Given that we’ve been brewing for 22 years, including 16 years in our current location in Williamsburg, I think that we’re the size that we should be. No matter what your endeavor is, a rock band or a brewery, you’re going to find some people who want you to remain tiny and unknown. I think that outlook is really pretty weird.
If a brewery is successful, it grows; if it doesn’t grow, it’s a failure.
We have, in many ways, defined “craft” for many years, pioneering things like collaborative brewing and even now-established beer styles. We also have the largest 100 percent bottle-conditioning operation in the U.S., which represents a true evolution of a distinctly artisanal nature. In fact, I think we are one of the most genuinely artisanal breweries in the country. Do people know that? Some do, but I think many don’t. So perhaps we need to be better at telling people who we are.

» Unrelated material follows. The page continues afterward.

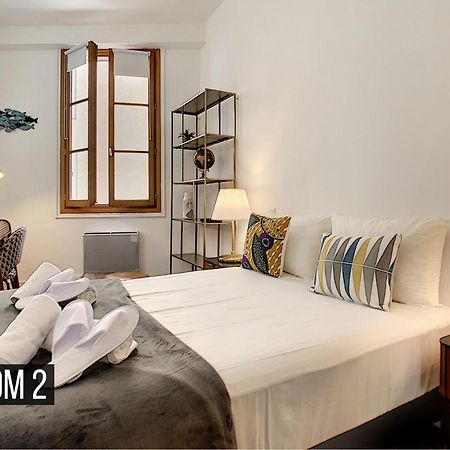 Nestor&Jeeves - Design Vieux Nice - Old Town - Close Sea Exterior foto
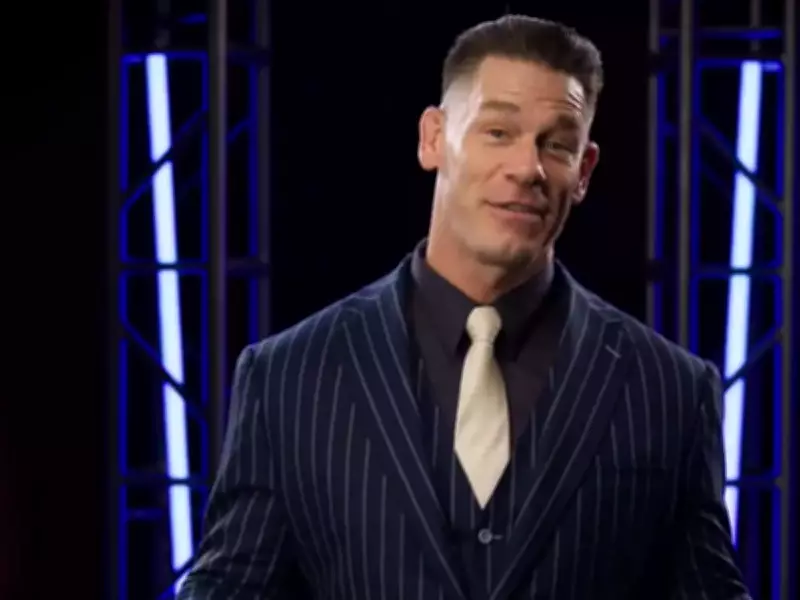 John Cena Wants Fans to Forget His WWE Legacy, Embrace New Stars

How much Brooklyn Brewery beer is actually made in Brooklyn now?
Garrett: The brewery in Brooklyn is now four times the size it was a year ago, and we produce more than a dozen beers, including all of the bottle-conditioned beers, from there. With the new expansion we will take some of the upstate production back in-house. It’s hard to know exactly what proportion that will be during the next year, but right now it’s looking like about 30 percent or so.
How much has the craft beer scene changed over since Brooklyn Brewery started 22 years ago? Do you think craft brewers are more free to experiment and make ambitious beers than they were in the past?
Christian: Craft brewing in America—and abroad—is practically unrecognizable today from the scenario we were sipping at the end of the ‘80s. There were perhaps a couple of hundred microbreweries then, whereas we are soon to pass 2,000. Most made a few basic varieties of British-inflected beer. Stylistically speaking, brewers were charting new ground, sure, but nothing like the wide-ranging, genre-bending efforts we’re seeing now, swerving into smoked, sour, super-hoppy, hop-less, fruit-infused, and even gluten-free territory.
Garrett: It’s hard to remember now that back in 1989 there wasn’t a whole aisle of bread at the supermarket and there weren’t cheese departments either. Back in 1989, sushi was considered exotic food–now sushi is at baseball stadiums. Our food culture has been transformed by diversification. We’re no longer a meat-and-potatoes nation.
In 1989, New York City, except for Brooklyn Lager (the only beer we made back then) and New Amsterdam, was pretty much a craft-beer desert. We had to go to Boston just to get some Sierra Nevada Pale Ale. It was possible, in 1989, to open up a bar and maybe have four to six draft lines, and have them all be mass-market beer. That’s impossible today–you wouldn’t have any business. It would be like opening up a 1989 supermarket next to Whole Foods or Wegmans.
What many people don’t realize is that craft brewing is not a trend or a fad. It’s a return to normality. One hundred years ago, we had the most interesting beer culture and the most interesting food culture in the world. We forget that, but we did. Our immigrant culture meant that we had everything from everywhere. We took bread and made it into sponges, we took cheese and made it into plastic, and we took beer and turned it back into water. Now we’re in recovery. And I have a message for every 55-year-old beer salesman who figures he’s going to ignore craft beer because he’s only 10 years from his retirement. And my message is simple: you don’t have 10 years. If you don’t learn this stuff now, you simply aren’t going to make it. The world has changed and it isn’t going back–it’s accelerating.